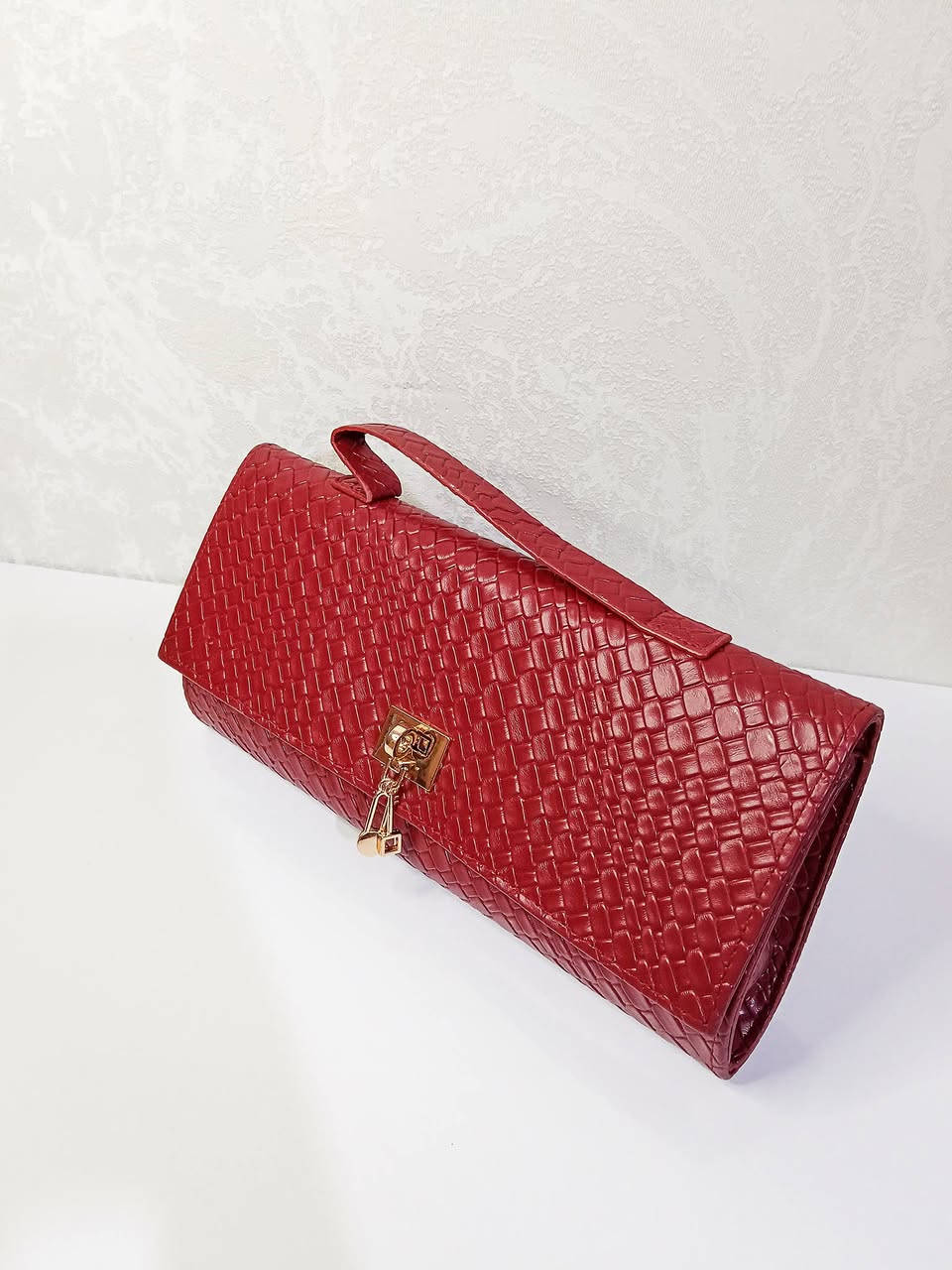 جنطة أنيقةومرتبة، مثالية للمناسبات والطلعات الخاصة 🤎✨
متوفرة ب4 الوان فقط✔️

القياس(31*13)
السعر   18 الف

للحجز دايركت📩
*التصوير خاص بصفحتنا📷

#إكسبلور #اكسبلور_فولو #حقائب #جنط


**إذا كنت صاحب هذا الإعلان وتريد حذفه لأي سبب، رجاءا أرسل رسالة إلى الدعم الفني**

◇ ◇ ◇ ◇ ◇

→ **What is expected**
Set the listing down verbatim, excluding pictures.

→ **Your response**
 جنطة أنيقةومرتبة، مثالية للمناسبات والطلعات الخاصة 🤎✨
متوفرة ب4 الوان فقط✔️

القياس(31*13)
السعر   18 الف

للحجز دايركت📩
*التصوير خاص بصفحتنا📷

#إكسبلور #اكسبلور_فولو #حقائب #جنط


**إذا كنت صاحب هذا الإعلان وتريد حذفه لأي سبب، رجاءا أرسل رسالة إلى الدعم الفني**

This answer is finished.